The copy you give must match the listing below exactly and contain no pictures.

Data below –
==============================

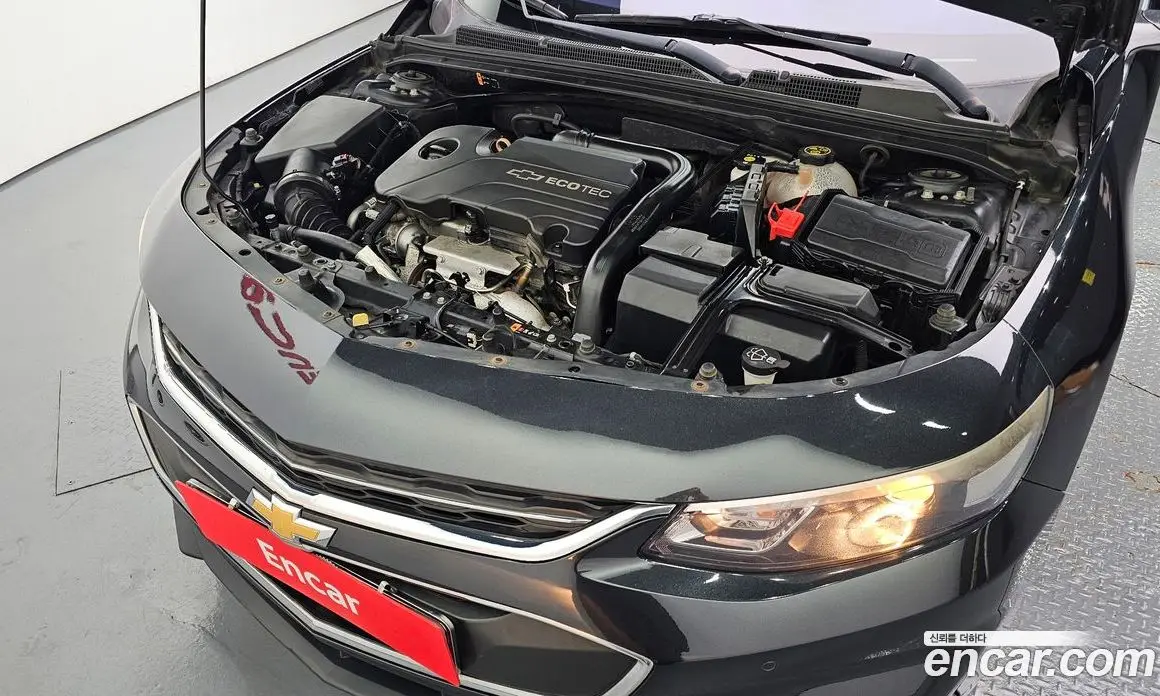 Chevrolet Malibu 2016 1.5 автомат (гидро), фото 6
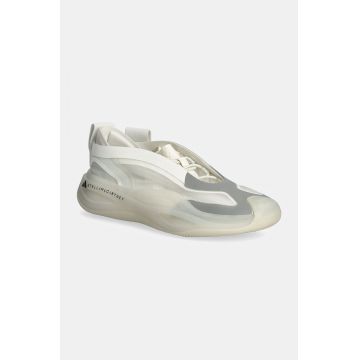 adidas by Stella McCartney pantofi de antrenament Sportswear Low Ground culoarea alb, IE3480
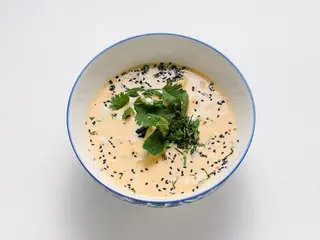 Окрошка Кімчі з телятиною (450г)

==============================

Your response –
 Chevrolet Malibu 2016 1.5 автомат (гидро), фото 6
 adidas by Stella McCartney pantofi de antrenament Sportswear Low Ground culoarea alb, IE3480
 Окрошка Кімчі з телятиною (450г)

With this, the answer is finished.